Sebi Makes EBP Mandatory for All Private Debt Placements Above ₹20 Crore; Expands Scope to REITs and InvITs

Sebi Makes EBP Mandatory for All Private Debt Placements Above ₹20 Crore; Expands Scope to RE...webp


Sebi Makes EBP Mandatory for All Private Debt Placements Above ₹20 Crore; Expands Scope to REITs and InvITs​

New Delhi, May 18 — In a major move aimed at enhancing transparency and efficiency in the debt market, the Securities and Exchange Board of India (Sebi) has mandated the use of the Electronic Book Provider (EBP) platform for all private placements of debt securities, non-convertible redeemable preference shares (NCRPS), and municipal bonds with an issue size of ₹20 crore or more.

Scope Now Covers REITs and InvITs​

The new framework, effective immediately, significantly reduces the previous threshold of ₹50 crore and expands the EBP platform’s applicability to include Real Estate Investment Trusts (REITs), Small and Medium REITs (SM REITs), and Infrastructure Investment Trusts (InvITs).
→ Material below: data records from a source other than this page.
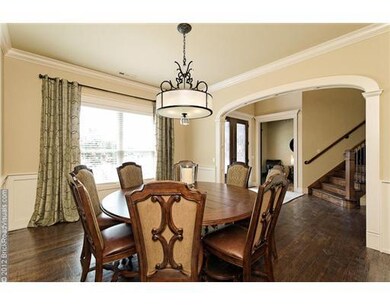 Dining Room. Elegant Dining Room has solid wood wa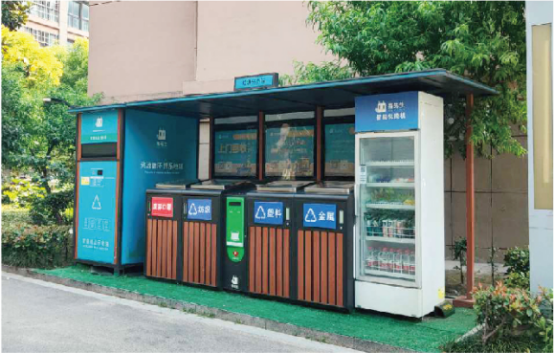 貓先生智能垃圾分類亭價格，定時定點垃圾收集點 ，垃圾亭生產(chǎn)廠家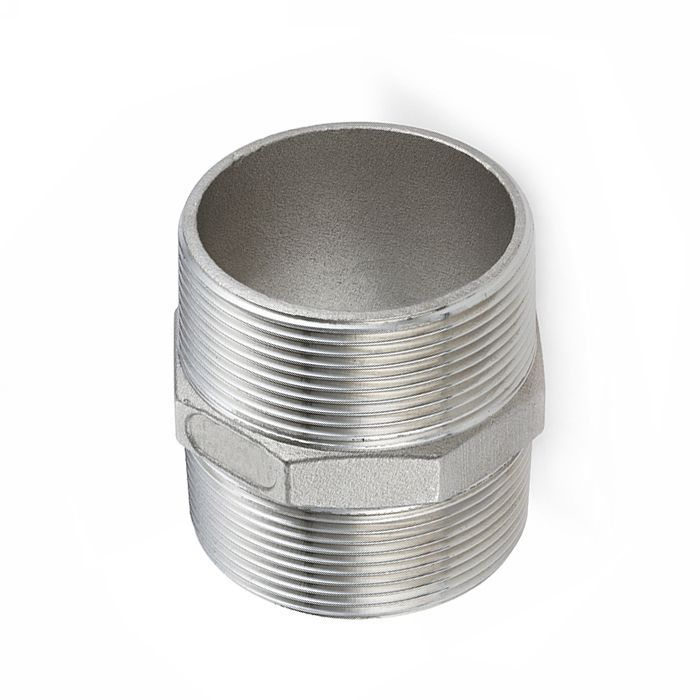 Шестигранный ниппель с наруж. резьбой BSP 1" с обеих сторон, нерж. сталь TL1HNSS TITAN LOCK Шестигранный ниппель с наруж. резьбой BSP 1" с обеих сторон, нерж. сталь TL1HNSS TITAN LOCK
These entities can now also use the EBP platform for private placement of their units.

Additionally, issuers have the option to access the platform for private placements of securitised debt instruments, security receipts, commercial papers (CPs), and certificates of deposit (CDs).
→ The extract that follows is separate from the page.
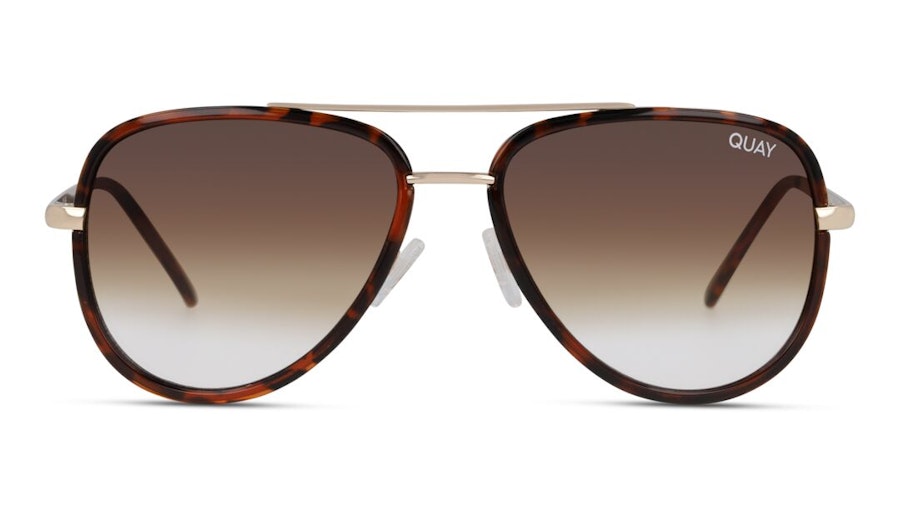 Quay All In Mini QU-000607 Unisex Sunglasses Brown / Tortoise Shell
Enhanced Disclosure and Allotment Norms​

Sebi has introduced a structured timeline for submission of placement documents. Issuers must now file the placement memorandum and a detailed term sheet at least two working days prior to the issue opening. First-time EBP users are required to submit these documents three working days in advance.

The disclosure must include the base issue size along with any green shoe option, which is capped at five times the base size. Past allocations under green shoe options must also be revealed.

Anchor Investor Reservations Based on Credit Rating​

The new guidelines allow issuers to reserve a portion of the issue for anchor investors based on the instrument's credit rating:
  • Up to 30% for AAA to AA-rated instruments
  • Up to 40% for A+/A- rated instruments
  • Up to 50% for instruments rated below A-
Anchor investors must confirm their bids electronically one day prior to the issue. Any unconfirmed bids will be reallocated to the base issue.

Proportional Allotment and Timely Disclosures​

To maintain fairness, Sebi has directed that if multiple bids are received at the same cut-off price, allotments must be made on a proportionate basis.

The EBP is also required to update bidding data and other issue-related information on its website by the end of the bidding day or by 1 PM the next day, depending on when the issue concludes.

New Timeline for Stock Exchange Approvals​

Sebi has revised the timeline for obtaining in-principle approval from stock exchanges:
  • For EBP-based issues: before T-2 or T-3
  • For non-EBP issues: before the issue opens
While most changes are effective immediately, certain clauses — including those on anchor investor participation, detailed disclosures, and reporting — will be implemented within three to six months from the circular’s issue date.

The reforms follow recommendations from a dedicated working group and public consultation, reflecting Sebi’s ongoing efforts to deepen the bond market and boost investor confidence.